Secretary (East) in the MEA Preeti Saran said in her career as Indian Foreign Service office spanning 35 years, she has been able to vote only once.

EC flags poor response to enrolling service voters posted abroad
Pic Courtesy: PTI

New Delhi: The Election Commission on Wednesday flagged the "very poor" response of the Ministry of External Affairs in enlisting its employees serving abroad as service voters even as it asked various organisations to walk an extra mile in enrolling their personnel in the electoral rolls.

Chief Election Commissioner A K Joti told the representative of the MEA at a seminar on enrolling service voters that "yours is an easier job, but the response is very poor, because hardly anybody is able to vote".

Earlier, addressing the gathering, the CEC said his interaction with embassy officials in Romania and the meetings his officials had with mission staff in Washington DC and New York had revealed that not many MEA employees posted abroad have been able to cast their vote in elections here.

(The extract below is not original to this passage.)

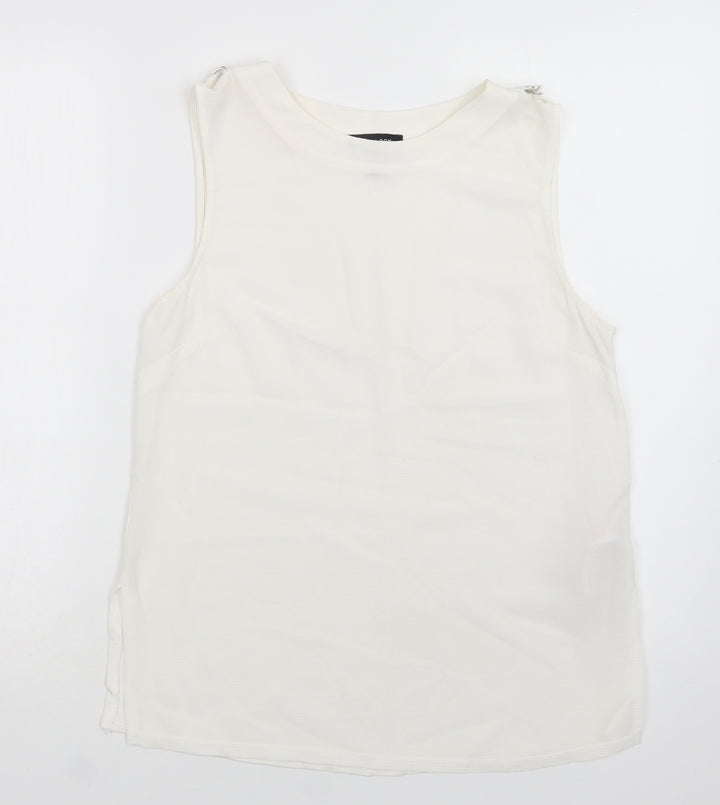 New Look Womens White Polyester Basic Blouse Size 10 Round Neck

Defence Secretary Sanjay Mitra, representatives from the home and the external affairs ministries, besides officers from the armed forces and central armed police forces were present.

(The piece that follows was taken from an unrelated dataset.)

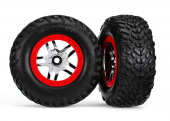 Tires & wheels, assembled, glued (S1 compound) (SCT Split-Spoke chrome, red beadlock style wheels, dual profile (2.2" outer, 3.0" inner), SCT off-road racing tires, foam inserts) (2) (4WD f/r, 2WD rear) (TSM rated)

Secretary (East) in the MEA Preeti Saran said in her career as Indian Foreign Service office spanning 35 years, she has been able to vote only once.

She said a record number of officers in 183 Indian missions abroad have been appointed to enrol Indian employees as service voters.

According to Deputy EC Sandeep Saxena, out of 29 lakh people eligible to be enlisted as service voters, 14.5 lakh have been enrolled this year.

To wipe out the names of retired and deceased personnel from the list of service voters, the EC has initiated an exercise to register such voters afresh in the electoral rolls of all Lok Sabha and assembly constituencies.

Joti said at a time when the country is following the dream of digital India, enrolling 30 lakh people as service voters should not be a difficult task.

He said that with the use of latest information, communication and technology (ICT) tools, the Commission was able to remove one crore "errors" from electoral rolls, clean up 35 lakh "duplicate" entries and issue voter I-cards to 99 per cent of the total Indian electorate.

He said the inclusion of service voters in the electoral rolls becomes all the more important as the number of voters has risen from 83 crore in 2014 to 86.86 crore now.